### Aim of the task
Your answer should be the lines below from the one holding "Rolex Cosmograph Daytona" through the one holding "how to rent a paper shredder", copied exactly and with nothing else.

### Data records
■ ■ ■ ■ ■ ■ ■
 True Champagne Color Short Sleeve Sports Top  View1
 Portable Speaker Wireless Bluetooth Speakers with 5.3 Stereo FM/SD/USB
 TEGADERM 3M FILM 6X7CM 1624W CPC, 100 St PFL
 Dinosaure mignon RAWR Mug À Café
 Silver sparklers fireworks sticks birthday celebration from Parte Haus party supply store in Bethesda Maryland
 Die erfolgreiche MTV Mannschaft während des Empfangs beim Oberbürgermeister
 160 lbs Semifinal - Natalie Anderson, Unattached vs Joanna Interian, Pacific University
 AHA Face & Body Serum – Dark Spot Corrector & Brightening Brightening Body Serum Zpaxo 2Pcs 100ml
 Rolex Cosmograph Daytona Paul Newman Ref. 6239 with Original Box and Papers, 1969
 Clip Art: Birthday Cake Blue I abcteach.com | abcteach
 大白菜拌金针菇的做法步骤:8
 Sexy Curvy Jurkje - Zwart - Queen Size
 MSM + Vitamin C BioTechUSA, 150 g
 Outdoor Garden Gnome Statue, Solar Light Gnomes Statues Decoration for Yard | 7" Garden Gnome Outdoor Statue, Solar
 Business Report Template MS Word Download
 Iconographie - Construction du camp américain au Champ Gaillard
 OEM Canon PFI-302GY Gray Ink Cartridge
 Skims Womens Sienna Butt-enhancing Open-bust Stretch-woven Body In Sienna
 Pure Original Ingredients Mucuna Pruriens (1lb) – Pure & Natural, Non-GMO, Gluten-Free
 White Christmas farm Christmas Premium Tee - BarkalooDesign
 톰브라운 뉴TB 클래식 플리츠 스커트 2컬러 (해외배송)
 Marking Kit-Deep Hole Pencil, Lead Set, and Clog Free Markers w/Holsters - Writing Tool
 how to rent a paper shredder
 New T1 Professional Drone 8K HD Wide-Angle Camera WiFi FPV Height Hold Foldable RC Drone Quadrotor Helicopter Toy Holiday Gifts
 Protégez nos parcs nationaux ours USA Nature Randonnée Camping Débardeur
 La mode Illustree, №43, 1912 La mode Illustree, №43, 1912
■ ■ ■ ■ ■ ■ ■
### Task output
 Rolex Cosmograph Daytona Paul Newman Ref. 6239 with Original Box and Papers, 1969
 Clip Art: Birthday Cake Blue I abcteach.com | abcteach
 大白菜拌金针菇的做法步骤:8
 Sexy Curvy Jurkje - Zwart - Queen Size
 MSM + Vitamin C BioTechUSA, 150 g
 Outdoor Garden Gnome Statue, Solar Light Gnomes Statues Decoration for Yard | 7" Garden Gnome Outdoor Statue, Solar
 Business Report Template MS Word Download
 Iconographie - Construction du camp américain au Champ Gaillard
 OEM Canon PFI-302GY Gray Ink Cartridge
 Skims Womens Sienna Butt-enhancing Open-bust Stretch-woven Body In Sienna
 Pure Original Ingredients Mucuna Pruriens (1lb) – Pure & Natural, Non-GMO, Gluten-Free
 White Christmas farm Christmas Premium Tee - BarkalooDesign
 톰브라운 뉴TB 클래식 플리츠 스커트 2컬러 (해외배송)
 Marking Kit-Deep Hole Pencil, Lead Set, and Clog Free Markers w/Holsters - Writing Tool
 how to rent a paper shredder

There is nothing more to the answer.